1:00:16 And that is, again, all of the stuff that kind of goes into running an open source project that people don't really think about, because you don't necessarily have anyone who's going to be saying to you, hey, like, you know, like, it's 11 o'clock on a Friday evening, like, you need to be up early tomorrow.
1:00:35 There's a problem with homebrew, you're staying up late, dealing with this right now, like, maybe you just need to let it slide. Maybe you just need to let people suffer until tomorrow morning, because actually, you need to get a good night's sleep, because you're going to be grumpy with your family or whatever you've done, right?
1:00:48 And in most good workplaces that I've been in, your boss, or your co workers would be the people nudging you in that way. Whereas an open source, again, historically, there's not been as much of that. And something again, I hope for homebrew sake, and we do see a bit of that is when people are saying like, oh, you know, I need to step up till this is fixed. And people like, I got this, or this can wait, right? Like, you need to look after you.
1:01:12 And like, that's the stuff that keeps people around and happy and, you know, keeps humans maintainable, as well as the software.
1:01:21 100%. All right, well, we're coming close to the end of our time here. Is there anything we haven't talked about yet that you think would be important to touch on or leave people with?
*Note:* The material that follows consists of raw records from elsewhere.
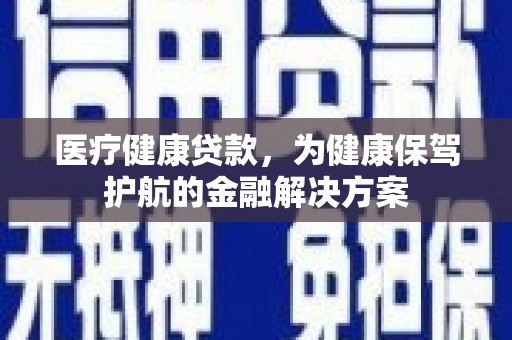 治多医疗健康贷款，为健康保驾护航的金融解决方案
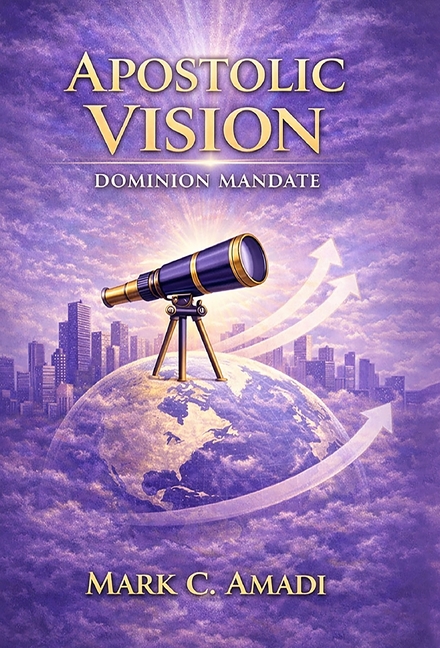 The Apostolic Vision: Dominion Mandate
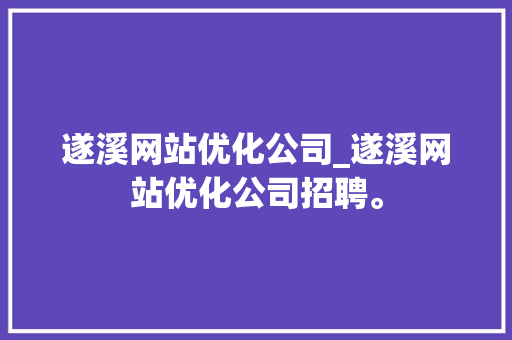 遂溪网站优化公司_遂溪网站优化公司招聘。
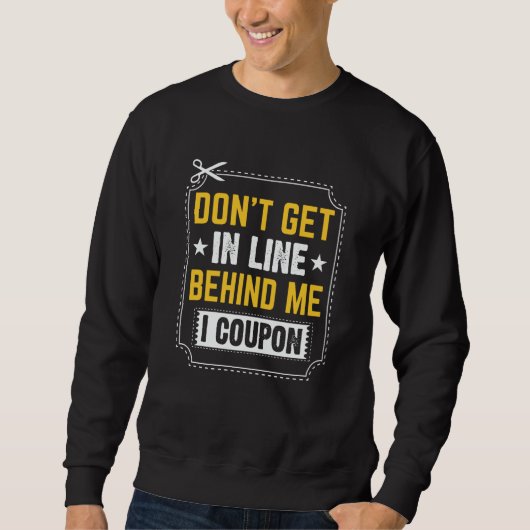 Couponing Save Don't get behind me in Line I Coup Trui (Voorkant)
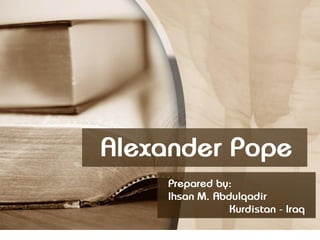 Alexander Pope
Prepared by:
Ihsan M. Abdulqadir
Kurdistan - Iraq
 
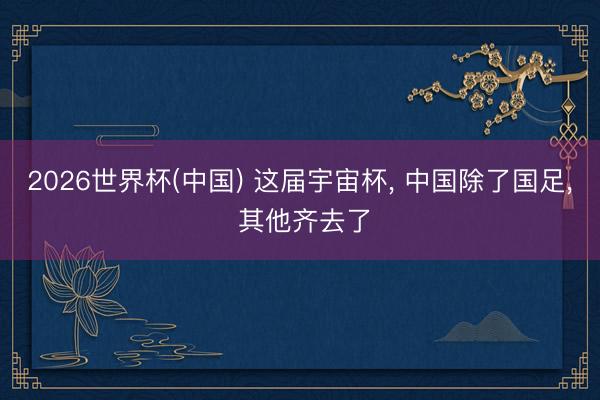 2026世界杯(中国) 这届宇宙杯, 中国除了国足, 其他齐去了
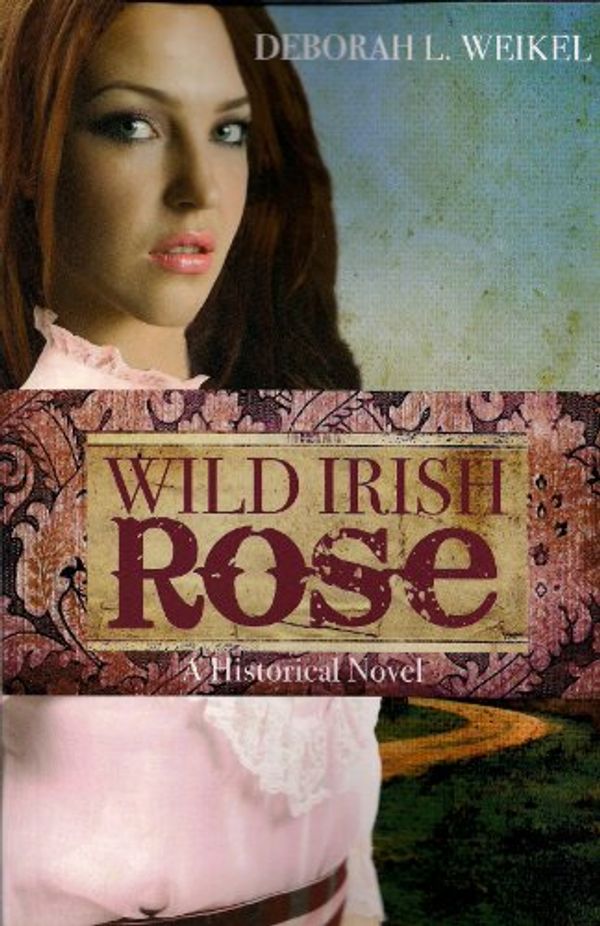 Cover Art for 9781935217664, Wild Irish Rose by Deborah Weikel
1:01:31 I don't think so, especially, I guess, just to maybe extend even more of what I was saying before, like, you know, I guess I found in work in the industry for whatever, it's been like, 18 years and open source for, you know, 16 with homebrew and a few more, like it, a lot of this stuff that I maybe dismissed when I was younger about the human interpersonal stuff and squishy feelings and
1:01:58 therapists and boundaries and all of these, like, you know, cheesy grown up words, or if you're Scottish, like cheesy American words, it's, it's all really important at the end of the day.
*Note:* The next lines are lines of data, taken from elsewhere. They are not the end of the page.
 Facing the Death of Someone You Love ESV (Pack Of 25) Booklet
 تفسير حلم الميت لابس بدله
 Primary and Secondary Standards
1:02:09 And like, this is what stuff is built on the back of. And like, something I, I really admire when I'm looking at, you know, the LinkedIn or resume or CV or whatever you want to call it of a person who's applying for a job or I'm going to work with or whatever, is like, you know, like, we've got this industry expectation that like, you know, you don't want to be at too many jobs for like a year or less, right.
1:02:34 But I really love when I see people who've done one thing for a decade or more, right. And I guess like almost like a challenge I would put to anyone listening to this is like, what would it take for you to be happy in your job or your industry or your open source project, or, you know, maybe to be even deeper still like your marriage or your house or your friendship or whatever.
1:02:56 Whatever. What would it take for that to be still in a really good place in 10 years, right. And think about what you can do to get there because, you know, I used to say to myself, like, oh, you know, I've got 10 years homebrew movie and then I'm going to quit.
1:03:09 But then I'm like, well, you know, maybe I've got 20 or 30 or whatever. I don't really know, because it remains sustainable for me to do.
1:03:17 And it remains, hopefully at least beneficial for others to kind of receive the kind of work I'm doing.
1:03:23 And I think, I think the world is much better when people can focus on that.
1:03:28 And often, you know, to quote every flight attendant or whatever, like putting on your own life mask first, like helps us all be able to do more better stuff together than it does when we're monitoring ourselves.
1:03:42 And then we burn out in two years or whatever.